It is as if I am jinxed or something. Experiments are going awry, even the simple ones... The amount of stupid mistakes that I would normally not make is ridiculous... and sometimes just unexplainable that things go wrong.
So naturally I'm feeling down in the dumps. I can't get around how come I'm majorly this bad? I've done lab work before and never had a problem. It's like my brain has died or gone missing. Maybe I killed it or left it behind in Cardiff with Brains (lager).

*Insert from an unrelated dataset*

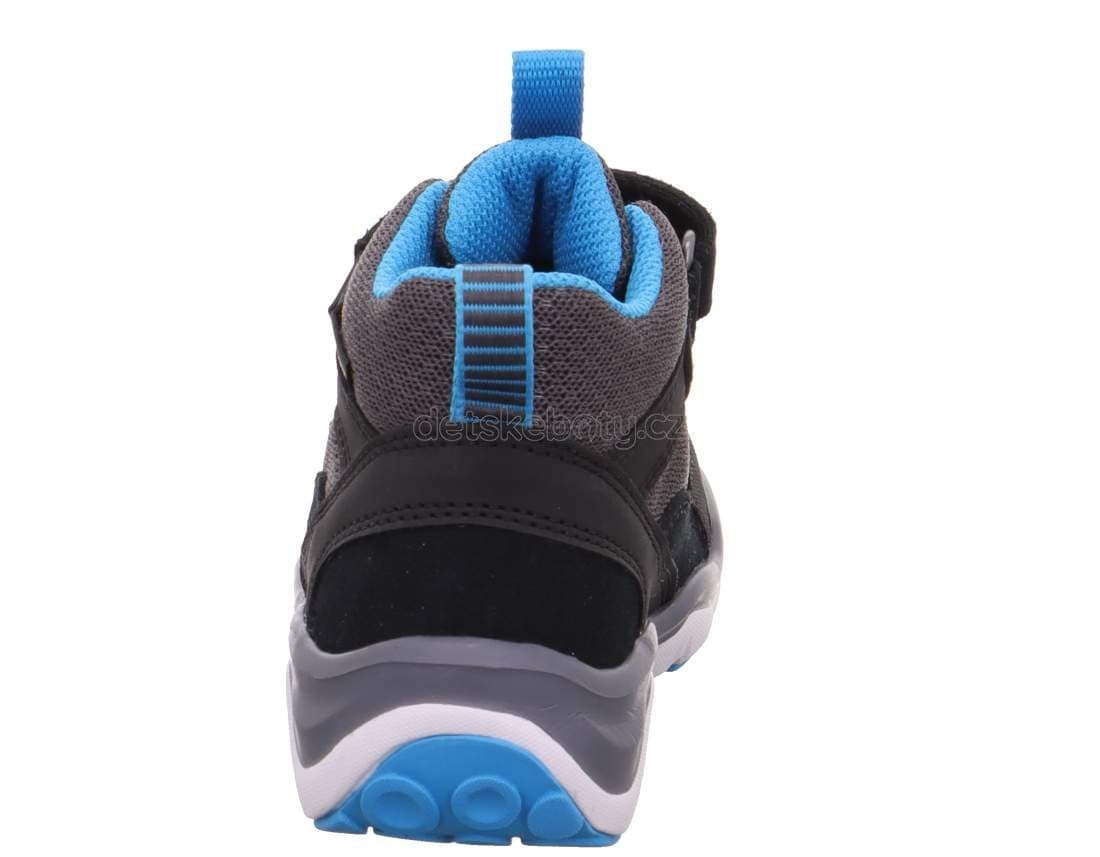 Dětské celoroční boty Superfit 1-000246-0020 Velikost: 29 - náhled 3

To make matters more complicated,I'm still managing a bar part-time that is under pressure to perform better. When I first took over, it was a tip! Every health and safety (not a big fan of this, but the basic H&S common sense should be obviously applied) and hygiene regulation was practically broken. At least that is somewhat under control.

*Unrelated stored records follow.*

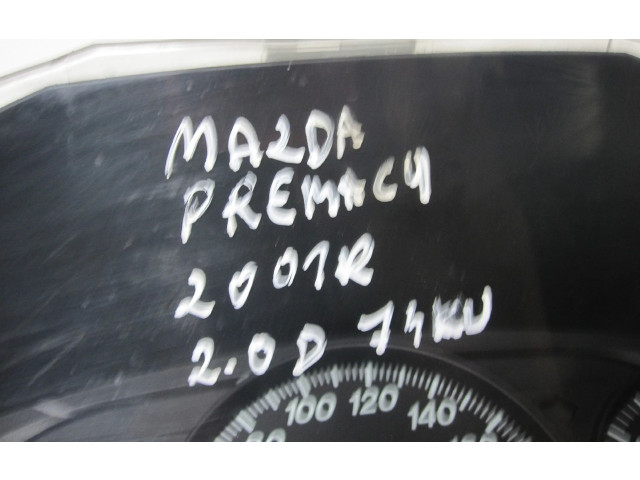 Панель приборов WHCB16C Mazda Premacy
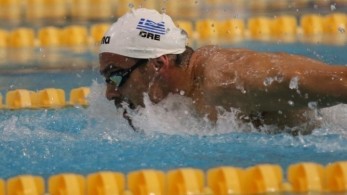 Δύο Πανελλήνια και τρία ατομικά ρεκόρ ο Βαζαίος
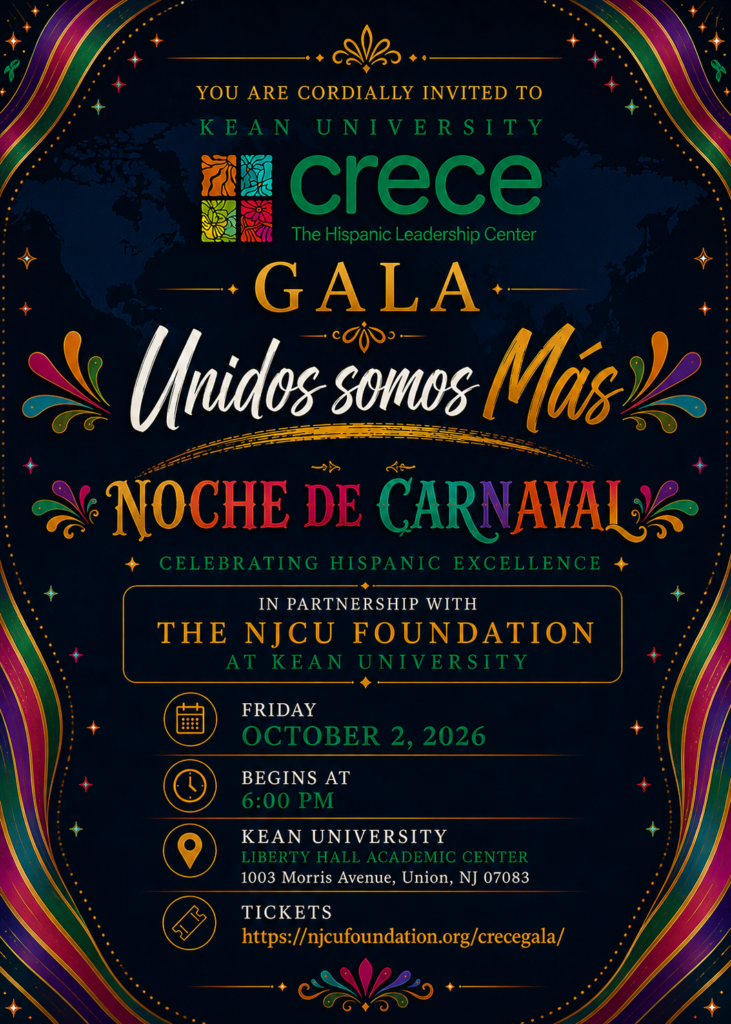 CRECE gala invite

So, I've decided to take a trip to visit a friend in Exeter. Don't care of the running experiments. Nor the bar. I'm running away from here!
Maybe when I come back I'll be better?
"Well here I go,it's coming at me through the trees
Help me, someone, help me, please
Take my shoes off, and i will throw them in the lake, and I will be, two steps on the water
I found a fox, who was caught by dogs, he let me take him in my hands
His little heart, it beat so fast
And I'm ashamed to be running away
From nothing real, i just can't deal with this
I feel ashamed to be there"
- The Futureheads/ Kate Bush, Hounds of Love.
2 comments:
Hm, wasn't Hounds of Love by Kate Bush?
Yes, she is the composer. But the version I have is sung by this band. Sharp one, Ping.